BACKGROUND: Due to the progressive decline in ß-cell function, it is often necessary to utilize multiple agents with complementary mechanisms of action to address various facets and achieve glycemic control. Thus, this study aimed to evaluate the efficacy and safety of a fixed-dose combination (FDC) of metformin/sitagliptin/pioglitazone (MSP) therapy vs. metformin/sitagliptin (MS) in type 2 diabetes mellitus (T2DM).
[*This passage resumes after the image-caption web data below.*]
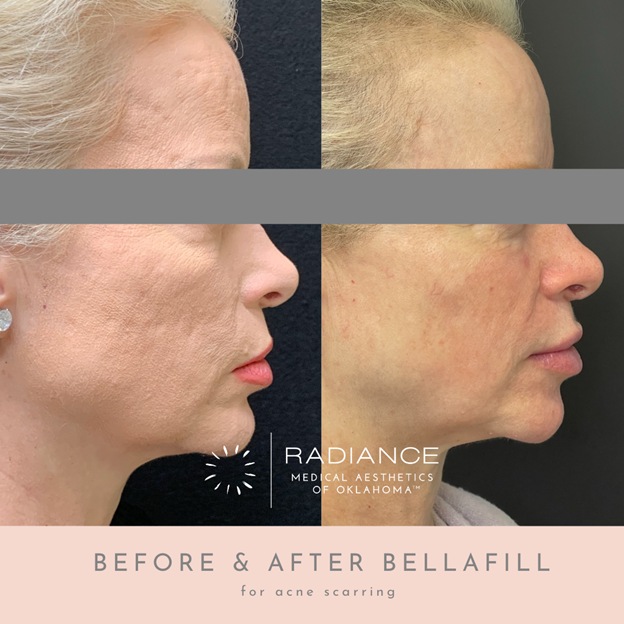 Bellafill filler treatment results before and after in Oklahoma City to restore facial volume.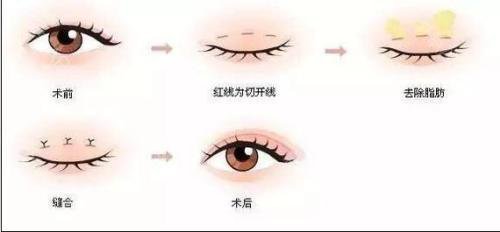 焊接雙眼皮是什么？手術后多久能好？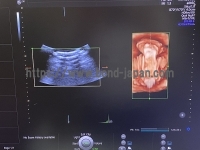 4D Ultrasound | GE | Voluson E10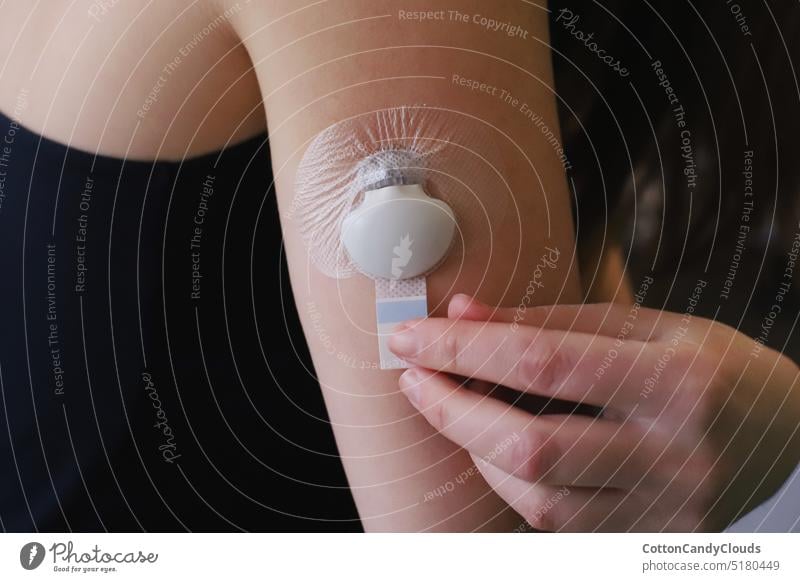 Eingelegter Blutzuckersensor mit Sender und Aufkleber Diabetes Diabetes Typ 1 kontinuierliche Glukoseüberwachung Chronik Krankheit Technik & Technologie cgm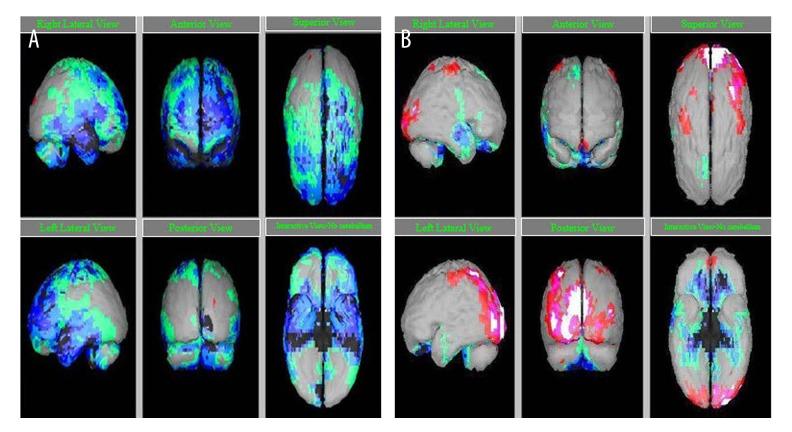 https://cdn.ncbi.nlm.nih.gov/pmc/blobs/addb/5156555/0ff2af3c8d5e/amjcaserep-17-944-g001.jpg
METHODS: In this phase 3, multicenter, double-blind study, patients with T2DM who exhibited inadequate glycemic control with HbA1c of 8.0-11.0% while taking ≥1500 mg/day metformin for at least 6 weeks were randomized to receive either FDC of MSP (1000/100/15 mg) or MS (1000/100 mg) per day for 24 weeks. The primary outcome measure was the change in HbA1c, and secondary outcomes included changes in fasting plasma glucose (FPG), postprandial plasma glucose (PPG), and body weight from baseline to 24 weeks along with safety and tolerability. RESULTS: Among the 236 patients randomized, 207 (87.71%) successfully completed the study. All baseline characteristics were comparable between the FDC of MSP and MS groups. There was a subsequent significant reduction of HbA1c in FDC of MSP (- 1.64) vs. MS (- 1.32); between groups was [- 0.32% (95% CI, - 0.59, - 0.05)], P = 0.0208. Similar reductions were found in FPG [- 13.2 mg/dL (95% CI, - 22.86, - 3.71)], P = 0.0068, and PPG [- 20.83 mg/dL (95% CI, - 34.11, - 7.55)], P = 0.0023. There were no significant changes in body weight. A total of 27 adverse effects (AEs) and one severe AE were reported, none of which were related to the study drug. CONCLUSION: The FDC of MSP demonstrated significant efficacy in managing glycemic indices and could serve as a valuable tool for physicians in the management of Indian patients with T2DM. TRIAL REGISTRATION: Clinical Trials Registry of India, CTRI/2021/10/037461.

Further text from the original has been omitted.